Brasília - O assassinato da prefeita Dorcelina Folador é um fato político nacional. E dá calafrios.
Não só porque era mulher, mãe, deficiente física, prefeita, petista, militante do MST e tentava "mudar as coisas". Mas principalmente porque ela combatia o crime organizado -e ali ao lado do Paraguai.
Não é surpresa para ninguém que há quadrilhas bilionárias no Acre, no Maranhão, no Piauí e em praticamente todos os Estados brasileiros. A grande novidade é que esses antros estão sendo desbaratados, e os bandidos estão indo parar na cadeia.

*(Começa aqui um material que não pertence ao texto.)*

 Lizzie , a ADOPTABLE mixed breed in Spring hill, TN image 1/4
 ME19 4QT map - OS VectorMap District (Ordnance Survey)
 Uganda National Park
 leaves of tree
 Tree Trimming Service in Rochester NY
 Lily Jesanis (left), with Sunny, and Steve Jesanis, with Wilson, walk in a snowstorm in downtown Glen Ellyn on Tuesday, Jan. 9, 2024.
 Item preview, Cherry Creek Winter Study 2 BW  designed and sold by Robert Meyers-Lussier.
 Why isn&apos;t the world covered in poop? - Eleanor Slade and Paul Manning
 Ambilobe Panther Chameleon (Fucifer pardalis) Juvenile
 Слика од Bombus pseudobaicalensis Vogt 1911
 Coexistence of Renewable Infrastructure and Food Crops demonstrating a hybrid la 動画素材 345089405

Isso só é possível porque gente crédula, honesta e sobretudo valente -como a prefeita Dorcelina- resolveu enfrentar o touro a unha. O seu assassinato a sangue frio soa como o aviso macabro de que os touros estão reagindo. Não estão aí para brincadeiras nem vão se entregar tão fácil.
Esse medo é crônico no Rio e em Alagoas e está agudo no Acre, no Maranhão e no Piauí, onde a faxina tem sido mais eficaz, mais divulgada e mais comemorada pela imprensa nacional. Agora, bate em cheio em Mato Grosso do Sul. Todo cuidado é pouco.
O crime organizado se sustenta num círculo muito semelhante de norte a sul: entra despudoradamente na polícia, nomeia aliados em cargos executivos, inventa candidatos a mandatos legislativos, corrompe setores da imprensa local e se infiltra na própria Justiça que deveria condená-lo.
Políticos, juízes, promotores, jornalistas e policiais que têm coragem suficiente para entrar pelo outro lado nessa guerra enfrentam, primeiro, o corporativismo e, depois, o risco de vida. Precisam, portanto, de retaguarda e proteção. É o mínimo que o Estado e a sociedade devem a eles. Do contrário, todo o trabalho terá sido em vão.
Dorcelina era prefeita de Mundo Novo e trabalhava efetivamente por um novo mundo. Mas não precisava ser mártir nem deixar órfãs suas duas filhinhas, de 4 e 8 anos.
O pânico está instalado, e é federal.